También en esos primeros años, cuando tiene que dar el impulso inicial al Opus Dei recién fundado, él reside en Madrid como sacerdote extradiocesano. Desea encontrar un modo de incardinarse en la diócesis matritense; entre otros motivos, para desplegar la actividad de formar a las primeras vocaciones. Alguien le facilita una entrevista con don Pedro Poveda, fundador de la Institución Teresiana y secretario del patriarca de las Indias, como persona muy bien relacionada que puede resolver su problema. Poveda y Escrivá mantienen esta conversación:
-Podría usted pensar en el cargo de capellán palatino honorario…
-Y eso, ¿qué es?
-Pues verá: vestiría usted más o menos como yo, y obtendría algunos beneficios…
-Pero, don Pedro, ¿eso me da derecho a incardinarme en la diócesis de Madrid?
-No, eso no.
-Entonces, ¡no me interesa para nada! (35)
A don Pedro Poveda le asombra y le admira tal reacción. En esos tiempos, para muchos sacerdotes, formar parte del clero de la casa real es un honor muy preciado; pero Josemaría Escrivá lo rechaza, sencillamente porque no es eso lo que él busca para realizar su tarea.
A partir de ese diálogo, entre Poveda y Escrivá surge una firmísima amistad, que no se truncará ni con la muerte.
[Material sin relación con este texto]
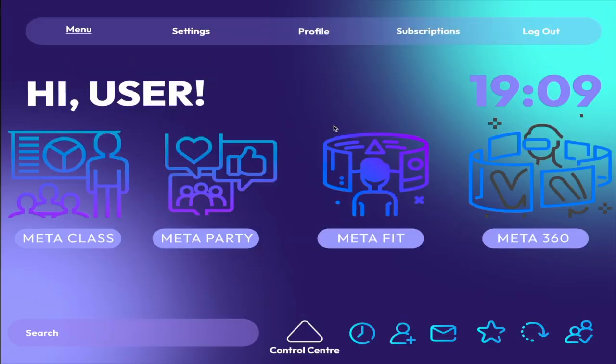When the user is successfully logged in, they are redirected to the Metaversity main menu. Here the user is presented with four subsystems: MetaClass, MetaParty, MetaFitness, and Meta360.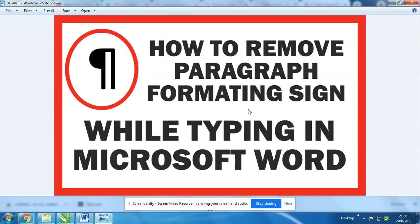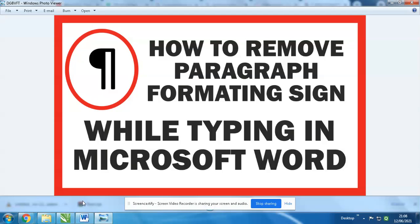Hello friends, welcome to my YouTube channel. In today's video I'm going to show you, can you see this icon? When you type in Microsoft Word, sometimes this paragraph formatting gets turned on.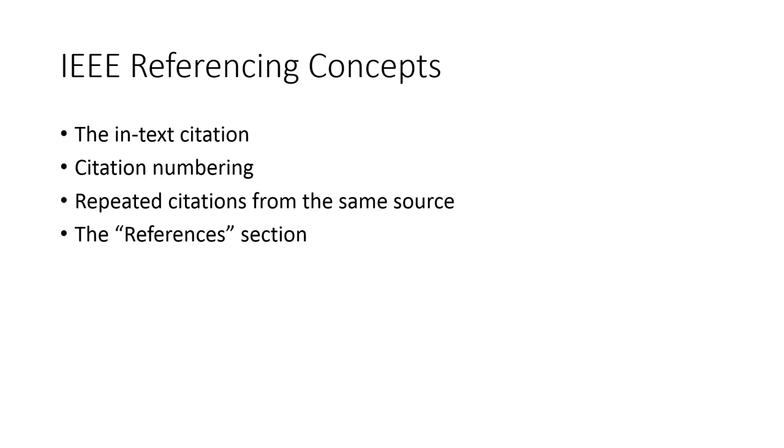In this video, we'll talk about IEEE referencing concepts. IEEE is the Institute for Electrical and Electronic Engineers. They are a consortium of engineers who have come together to provide guidelines for how, for example, we publish documents. IEEE is not the only referencing style, but it is extremely common in engineering, and as a result, for the entire course, we will be using IEEE referencing.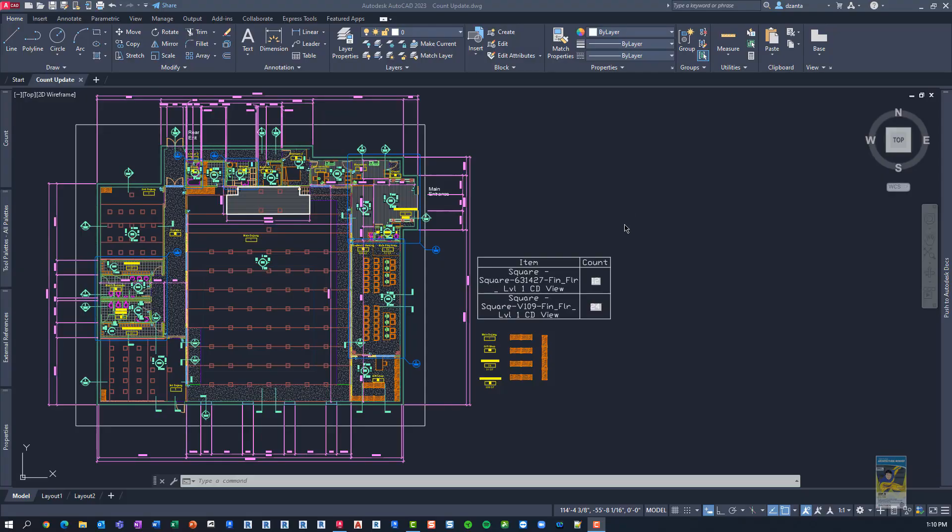Welcome, everyone. This is Zontal with Repro Products. Today's video is on what's new in AutoCAD 2023, and specifically the count command update.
En otra ocasión, por esos mismos años, don Cruz Laplana, obispo de Cuenca y pariente de Escrivá, le ofrece una canonjía en la catedral conquense. Josemaría declina la oferta: dejar Madrid y trasladarse a Cuenca, cuando el Opus Dei ha de empezar a difundirse, sería obstaculizar la misión fundacional a que Dios le ha llamado. (36)
Asimismo, el 11 de febrero de 1933, rechaza de plano la interesante propuesta que le hace don Ángel Herrera Oria, recién nombrado presidente de la Acción Católica española, para que sea director de la casa del consiliario de AC, donde Herrera piensa «reunir a lo más selecto del clero secular español». A más del influjo apostólico que podría ejercer sobre esos sacerdotes, ya se avista que ese cargo puede ser -lo fue, de hecho- trampolín inmediato para llegar al episcopado.
-Piense, don Josemaría, que en esa casa reuniré a los mejores sacerdotes de España y que lo que le ofrezco a usted es que sea su director…
-No, no. Agradecido, pero no acepto: yo debo seguir por el camino que Dios me llama. Además, no acepto por eso mismo que usted me dice: porque en esa casa se reunirán los mejores sacerdotes de España. Y es evidente que yo no valgo para dirigirles. (37)
Se ha dicho -¿con qué fundamentos?- que Escrivá deseaba ser obispo. Sin embargo, hay datos, expresos y positivos, que demuestran todo lo contrario: su prevención ante la posibilidad de llegar a ser promovido para el episcopado. Así, después de la guerra civil española, cuando invierte gran parte de su tiempo en predicar tandas de ejercicios espirituales a los obispos de diferentes diócesis, su prestigio sacerdotal crece por días. Sin duda le llegan no pocos comentarios sobre la eventualidad, nada remota, de que le consagren obispo. En esa situación, pide «luz verde» a su confesor -que entonces es don José María García Lahiguera- para «hacer voto de no aceptar jamás la carga o dignidad episcopal». Pero García Lahiguera le responde que no se lo permitirá, si antes no cuenta con el consentimiento del obispo de Madrid. Firme en su determinación, Escrivá se lo plantea a monseñor Leopoldo Eijo y Garay. Conversa con él el 19 de marzo de 1941. A continuación toma nota de los temas tratados con este prelado. En ese escrito puede leerse: «El señor obispo no me da el permiso. Y me disgusta de verdad.» (38)
En los años cincuenta le conceden una preciada condecoración civil. Durante la tertulia con sus hijos, uno de ellos, militar de profesión, le da la enhorabuena por la cruz recibida. Escrivá sonríe, pero no pierde la ocasión de dejar las cosas claras:
-Hijo mío, para vosotros -los militares- esto de las condecoraciones es una cosa interesante…
Con gesto expresivo y simpático, se señala en la pechera de la sotana unas imaginarias insignias: como si luciera con orgullo una colección de medallas, placas y grandes cruces.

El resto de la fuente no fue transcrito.